From 34f2105277355059d6d7de2d54d492788fd76db2 Mon Sep 17 00:00:00 2001
From: "alessandro.assirelli" <alessandro.assirelli@agile-robots.com>
Date: Thu, 17 Apr 2025 18:13:42 +0200
Subject: [PATCH 1/3] add cap on gradient

---
 rsl_rl/algorithms/distillation.py | 4 ++++
 1 file changed, 4 insertions(+)

diff --git a/rsl_rl/algorithms/distillation.py b/rsl_rl/algorithms/distillation.py
index 93d70ef2..c0e99ac0 100644
--- a/rsl_rl/algorithms/distillation.py
+++ b/rsl_rl/algorithms/distillation.py
@@ -25,6 +25,7 @@ def __init__(
         num_learning_epochs=1,
         gradient_length=15,
         learning_rate=1e-3,
+        max_grad_norm=1.,
         loss_type="mse",
         device="cpu",
         # Distributed training parameters
@@ -55,6 +56,8 @@ def __init__(
         self.num_learning_epochs = num_learning_epochs
         self.gradient_length = gradient_length
         self.learning_rate = learning_rate
+        self.max_grad_norm = max_grad_norm
+
 
         # initialize the loss function
         if loss_type == "mse":
@@ -127,6 +130,7 @@ def update(self):
                     loss.backward()
                     if self.is_multi_gpu:
                         self.reduce_parameters()
+                    nn.utils.clip_grad_norm_(self.policy.student.parameters(), self.max_grad_norm)
                     self.optimizer.step()
                     self.policy.detach_hidden_states()
                     loss = 0

From 91fa7a5f10b87c14a1e17514fbc56ff6ea1b584a Mon Sep 17 00:00:00 2001
From: "alessandro.assirelli" <alessandro.assirelli@agile-robots.com>
Date: Fri, 9 May 2025 15:49:47 +0200
Subject: [PATCH 2/3] max_grad_norm not used as default

---
 rsl_rl/algorithms/distillation.py | 6 +++---
 1 file changed, 3 insertions(+), 3 deletions(-)

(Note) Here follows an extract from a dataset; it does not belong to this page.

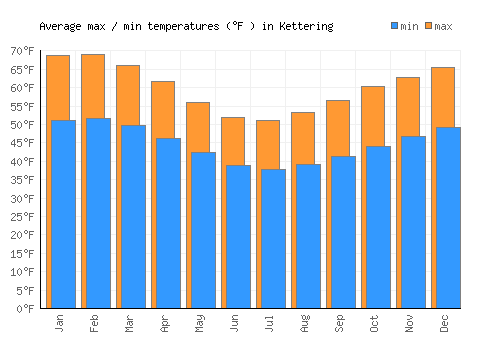 Kettering average minimum / maximum temperatures (Fahrenheit)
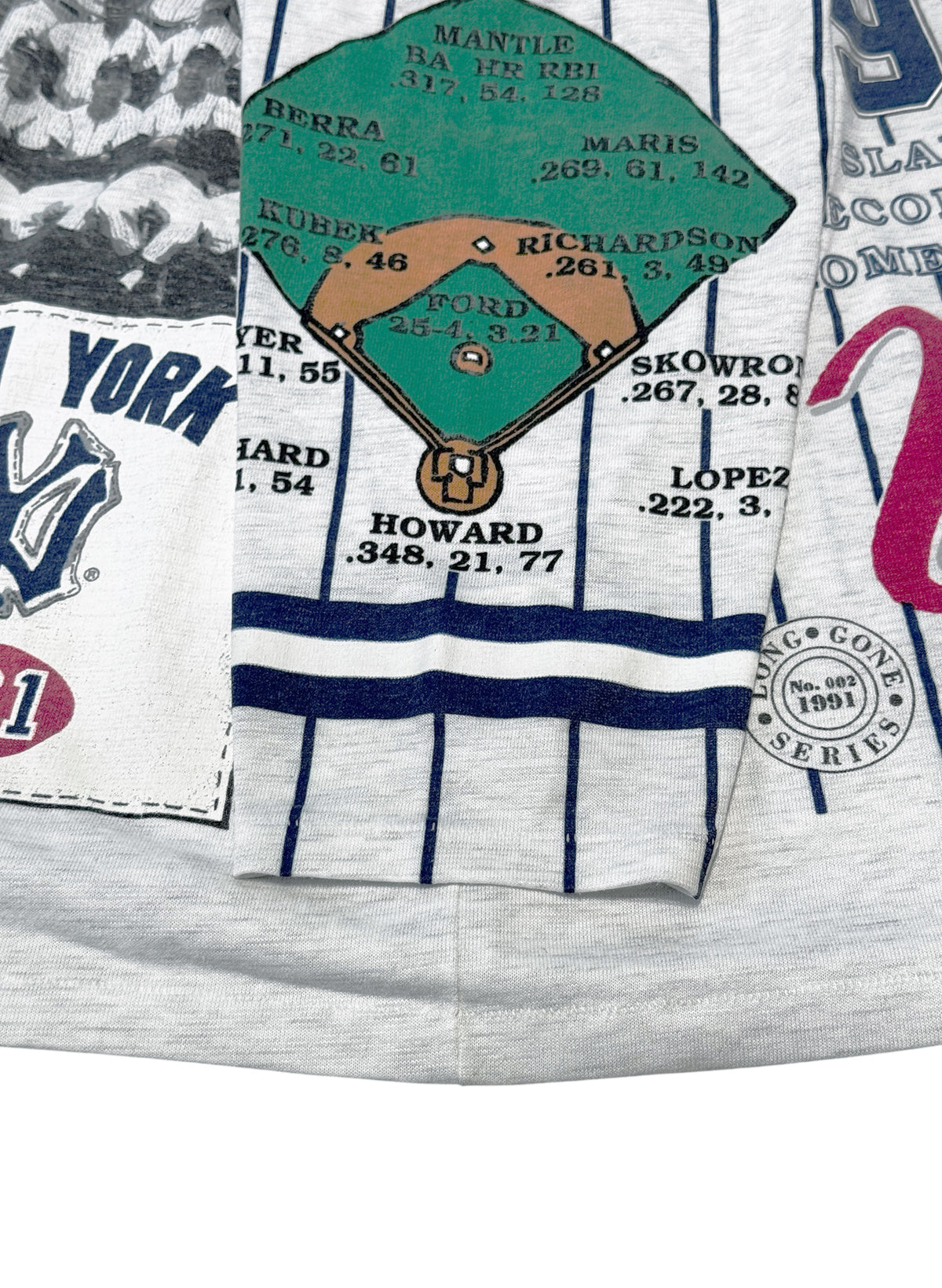 (SUP-853) MLB 1961 NEW YORK YANKEES 3/4 SLEEVE TEE (L) - MADE IN U.S.A.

diff --git a/rsl_rl/algorithms/distillation.py b/rsl_rl/algorithms/distillation.py
index c0e99ac0..e926c243 100644
--- a/rsl_rl/algorithms/distillation.py
+++ b/rsl_rl/algorithms/distillation.py
@@ -25,7 +25,7 @@ def __init__(
         num_learning_epochs=1,
         gradient_length=15,
         learning_rate=1e-3,
-        max_grad_norm=1.,
+        max_grad_norm=None,
         loss_type="mse",
         device="cpu",
         # Distributed training parameters
@@ -58,7 +58,6 @@ def __init__(
         self.learning_rate = learning_rate
         self.max_grad_norm = max_grad_norm
 
-
         # initialize the loss function
         if loss_type == "mse":
             self.loss_fn = nn.functional.mse_loss
@@ -130,7 +129,8 @@ def update(self):
                     loss.backward()
                     if self.is_multi_gpu:
                         self.reduce_parameters()
-                    nn.utils.clip_grad_norm_(self.policy.student.parameters(), self.max_grad_norm)
+                    if self.max_grad_norm:
+                        nn.utils.clip_grad_norm_(self.policy.student.parameters(), self.max_grad_norm)
                     self.optimizer.step()
                     self.policy.detach_hidden_states()
                     loss = 0

From e4a99555f1bf679fe31b0ee7b321f238de5e8569 Mon Sep 17 00:00:00 2001
From: "alessandro.assirelli" <alessandro.assirelli@agile-robots.com>
Date: Fri, 9 May 2025 15:50:30 +0200
Subject: [PATCH 3/3] run formatter

---
 rsl_rl/runners/on_policy_runner.py | 29 ++++++++++++++++++++---------
 1 file changed, 20 insertions(+), 9 deletions(-)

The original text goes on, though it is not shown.